# Funny stuff, restores my faith in humanity.....



## somedevildawg (Jun 20, 2011)

Ya know, if ya buy anything on amazon or any of the other web based stores, you probably have seen the reviews of the product.....you gotta check this out, you will laugh your ass off....I'm still wiping away tears

Not sure the link so I'll just tell you what to do....my friends TV was stolen last week, so I've been helping them look for another one......found this.....1) go to amazon.com. 2) in the search bar type in "Samsung un85s9" 3) check out the 1st review 4) get Kleenex

Sorry no link...not sure how to do it on iPad


----------



## Russ61 (May 19, 2011)

Thats some funny stuff !!


----------



## rjmoses (Apr 4, 2010)

More funny stuff:

http://news.yahoo.com/sock-monkey-s-toy-gun-detained-by-tsa-215850875.html

Ya can't fix stupid, Pardner!

And then there's this one:

http://www.suntimes.com/23203709-761/two-dozen-arrests-not-a-problem-for-illinois-prison-official.html

Only in Illinois!

Ralph


----------



## Vol (Jul 5, 2009)

Ralph, that's so disheartening that people can be that void on common sense....but that is very commonplace. It is no wonder that people fly off into fits of rage these days.

Regards, Mike


----------



## ontario hay man (Jul 18, 2013)

Lol that was funny. I just about **** myself when I saw the price lol


----------



## somedevildawg (Jun 20, 2011)

Ralph, down here we call that the "fox guardin the hen house"

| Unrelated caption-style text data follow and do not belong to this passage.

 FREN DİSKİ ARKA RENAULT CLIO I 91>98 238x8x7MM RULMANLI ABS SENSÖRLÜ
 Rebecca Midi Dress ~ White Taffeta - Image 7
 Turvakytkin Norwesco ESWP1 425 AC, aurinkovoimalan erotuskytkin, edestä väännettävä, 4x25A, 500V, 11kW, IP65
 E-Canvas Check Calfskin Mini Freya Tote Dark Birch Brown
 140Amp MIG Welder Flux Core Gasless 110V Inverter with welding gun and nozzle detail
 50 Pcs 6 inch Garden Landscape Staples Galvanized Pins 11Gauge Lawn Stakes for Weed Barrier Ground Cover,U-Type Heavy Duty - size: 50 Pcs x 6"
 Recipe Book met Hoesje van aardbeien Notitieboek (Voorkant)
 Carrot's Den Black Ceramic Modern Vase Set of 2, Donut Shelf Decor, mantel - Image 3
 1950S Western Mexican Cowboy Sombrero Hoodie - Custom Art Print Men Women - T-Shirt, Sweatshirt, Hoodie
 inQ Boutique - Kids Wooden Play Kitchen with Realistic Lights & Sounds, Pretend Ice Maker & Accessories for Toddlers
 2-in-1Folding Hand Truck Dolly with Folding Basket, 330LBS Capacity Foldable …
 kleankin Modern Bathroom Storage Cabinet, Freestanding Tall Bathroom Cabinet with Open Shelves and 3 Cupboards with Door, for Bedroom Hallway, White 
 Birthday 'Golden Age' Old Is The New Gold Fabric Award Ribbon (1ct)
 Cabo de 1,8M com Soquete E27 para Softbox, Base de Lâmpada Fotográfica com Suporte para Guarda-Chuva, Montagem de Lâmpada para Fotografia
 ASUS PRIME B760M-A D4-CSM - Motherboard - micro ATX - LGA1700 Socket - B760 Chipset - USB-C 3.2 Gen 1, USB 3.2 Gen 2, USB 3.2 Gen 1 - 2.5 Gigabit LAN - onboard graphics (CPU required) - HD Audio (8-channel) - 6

You may be being optimistic however, it happens in MN, DC and I'm sure other democrat strongholds....unbelievable? No, not in today's world....what the hell are those people thinking......prerequisite to thinkin is to have some form of intelligence, lil short on that component....


----------



## ontario hay man (Jul 18, 2013)

Wait was that for real. I thought it was a joke


----------



## somedevildawg (Jun 20, 2011)

Stick with your first thoughts they're usually right....


----------



## Tim/South (Dec 12, 2011)

Here is a list of other reviews the guy has written.

http://www.amazon.com/gp/pdp/profile/A2Q14JXZX4R807/ref=cm_pdp_pop_prof_more


----------



## JD3430 (Jan 1, 2012)

IMO, most TSA agents are mall cops that got their BIG opportunity because of the 9/11 tragedy.
Now dey rollin big time. Gotta let you know THEY'RE in charge and they can make you do anything they want to you.


----------



## bensbales (Jul 18, 2011)

Thanks for sharing that was some funny s.....t. I recommend watching " what does a farmer say" on youtube.


----------



## FarmerCline (Oct 12, 2011)

JD3430 said:


> Gotta let you know THEY'RE in charge and they can make you do anything they want to you.


That sounds like our local police department. The chief of police thinks he is really a big shot and and makes sure everyone knows it.


----------



## ontario hay man (Jul 18, 2013)

bensbales said:


> Thanks for sharing that was some funny s.....t. I recommend watching " what does a farmer say" on youtube.


Ya that was good. Check out peterson farm bros to lol they are awesome.


----------